The plaintiff brought this lawsuit for compensatory and punitive damages, alleging that the defendant suppressed material facts of an insurance policy in violation of Ala.Code § 6-5-102 (1975). On January 3, 1986, the plaintiff purchased a new car from Toyota of Selma, Inc., Selma, Alabama, and financed it through TMC. The amount financed totalled $10,760.94, payable over five years with monthly payments of $258.94. The purchase contract contains a provision entitled "Property *921 Insurance." This section states in pertinent part as follows: "If you do not obtain the insurance or pay the premiums we may do so for you or we may purchase property damage insurance covering only our interest in the collateral." Pl.'s Compl. at ¶ 5. The plaintiff testified at her deposition that she understood that she was to maintain insurance on the car. Pl.'s Dep. at 24-25.

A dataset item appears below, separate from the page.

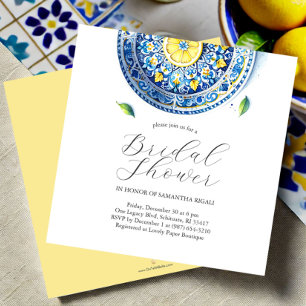 Blue and Yellow Citrus Bridal Shower Invitations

Subsequently, the plaintiff allowed her insurance coverage to lapse on two separate occasions. The first occasion occurred shortly after buying the car. Specifically, within three weeks of purchasing the car, her insurance company, for reasons not contained within the record, elected not to renew coverage on the car after February 8, 1986. Surrett allowed the coverage to lapse and failed to obtain insurance through a different company. TMC sent Surrett a letter dated May 8, 1986, stating that it had not received a copy of her insurance policy covering the collateral on the loan. The letter continued by stating:

 
If confirmation of insurance is not received within 15 days from the date of this notice, we may, at our election, procure a limited policy which may not fully protect your interest at the time of claim settlement. Please note that we are not obligated to apply for or procure this insurance, but if we do so[,] the premium will be $5,281.00 for 59 months coverage beginning 02/04/86.
 
The premiums plus interest computed on the premium amount will be added to your existing loan....

Pl.'s Resp. to Def.'s Mot.Summ.J., Ex. 5. Surrett does not recall receiving or reading this letter.

Because the plaintiff had not acquired any insurance, TMC took out a collateral single interest insurance policy to protect its financial interest in the car. This policy was with the defendant, TIG. TIG, issued a certificate of insurance, No. 8158207, charging premiums of $5,281.00. TIG mailed the plaintiff a copy of this certificate of insurance, which the plaintiff received.[4] TIG, however, did not send her a copy of the master insurance policy.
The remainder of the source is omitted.